Each level of nursing practitioner has different licensure requirements. In all cases, however, the applicant must supply a 2-inch X 2-inch front view, head and shoulders photograph and submit his or her fingerprints for a criminal background check.

  • CNA – there are three options to become a CNA in California:
    • Complete a CDPH-approved program and the competency evaluation exam.

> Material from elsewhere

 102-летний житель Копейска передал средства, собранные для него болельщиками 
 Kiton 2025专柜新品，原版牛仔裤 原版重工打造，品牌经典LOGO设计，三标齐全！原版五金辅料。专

    • Prove equivalent training in an RN, LVN or licensed psychiatric technician program, in the military or by receiving a CNA certification in another state or foreign country and take the competency evaluation examination. Applicants must also submit proof of paid work providing nursing or nursing-related services to skilled nursing facility residents within the last two years.

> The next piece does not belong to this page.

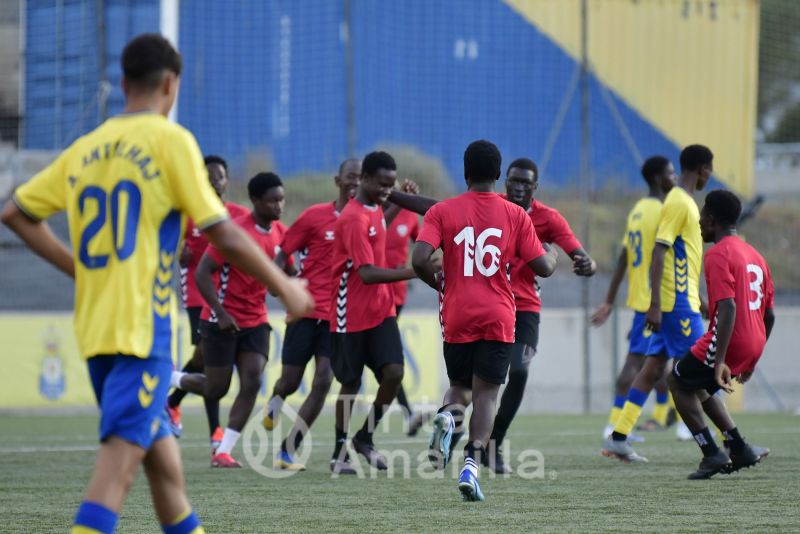 Fotos: Los equipos D de la UD Las Palmas y Muelle Grande cierran la temporada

    • Provide proof of active CNA certification and registration as a CNA in another state’s registry as well as proof of providing nursing or nursing-related services to facility residents within the last two years.
  • LVN – proof of a high school diploma and completion of a BVNPT-accredited school is required to become an LVN in California. The applicant must also pass the NCLEX-PN examination. LVN applicants can also challenge the licensure examination by providing proof of 54 hours of pharmacology education, 51 months of paid bedside nursing experience and verification of skill proficiency. For former military personnel, California will issue an LVN license upon proof of education and experience in the US military as a corpsman. The applicant must submit proof of completion of the basic course in nursing in a branch of the armed forces, 12 months active duty rendering direct bedside patients care and a general honorable discharge from the military.
  • RN – in order to apply for an RN license in California, the applicant must have successfully completed an associate or baccalaureate California BRN-approved nursing program and passed the national NCLEX-RN examination.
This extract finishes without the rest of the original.